Try it.
In the records that follow, the lines from the one containing "PORSCHE MACAN 2016 - WP1AB2A52GLB58612" to the one containing "Injen 12 Ford", inclusive, are to be given again exactly.

Materials provided START

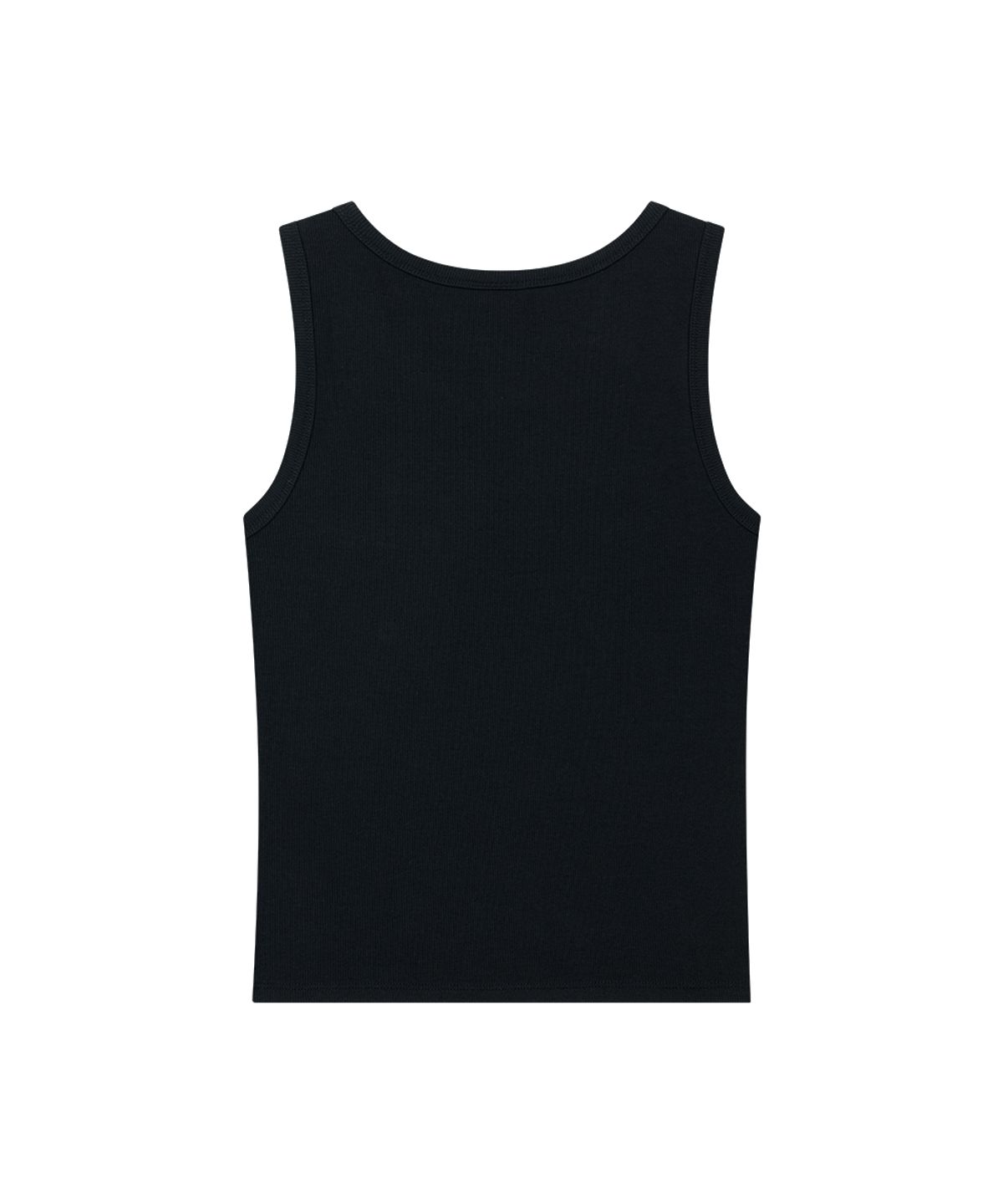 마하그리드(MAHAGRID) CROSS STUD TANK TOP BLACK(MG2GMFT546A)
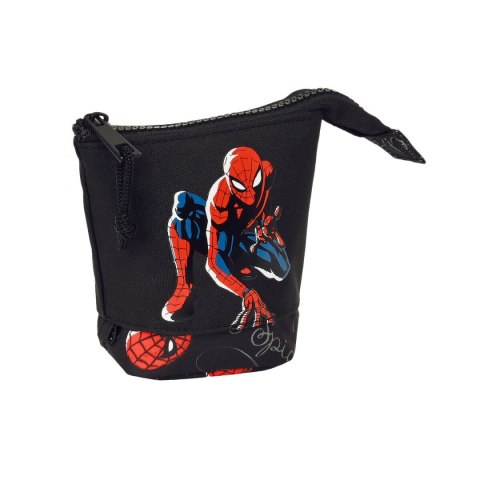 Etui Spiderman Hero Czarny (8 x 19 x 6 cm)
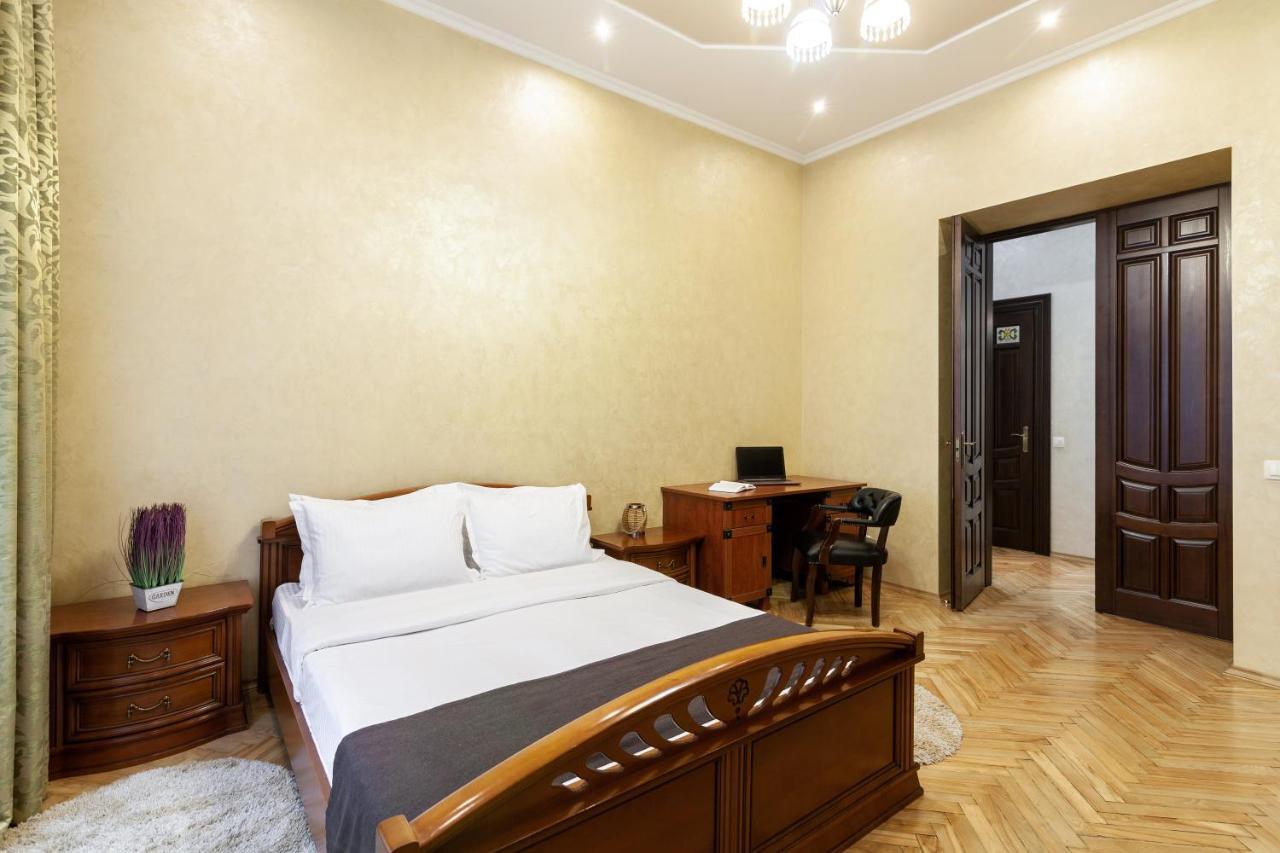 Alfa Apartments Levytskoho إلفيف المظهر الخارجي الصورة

Materials provided END
Materials provided START

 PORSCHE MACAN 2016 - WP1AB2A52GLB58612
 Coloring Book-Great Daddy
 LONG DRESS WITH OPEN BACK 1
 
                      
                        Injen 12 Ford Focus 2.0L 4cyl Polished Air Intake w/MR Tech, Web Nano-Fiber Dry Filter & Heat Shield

Materials provided END

Answer for this exercise.
 PORSCHE MACAN 2016 - WP1AB2A52GLB58612
 Coloring Book-Great Daddy
 LONG DRESS WITH OPEN BACK 1
 
                      
                        Injen 12 Ford Focus 2.0L 4cyl Polished Air Intake w/MR Tech, Web Nano-Fiber Dry Filter & Heat Shield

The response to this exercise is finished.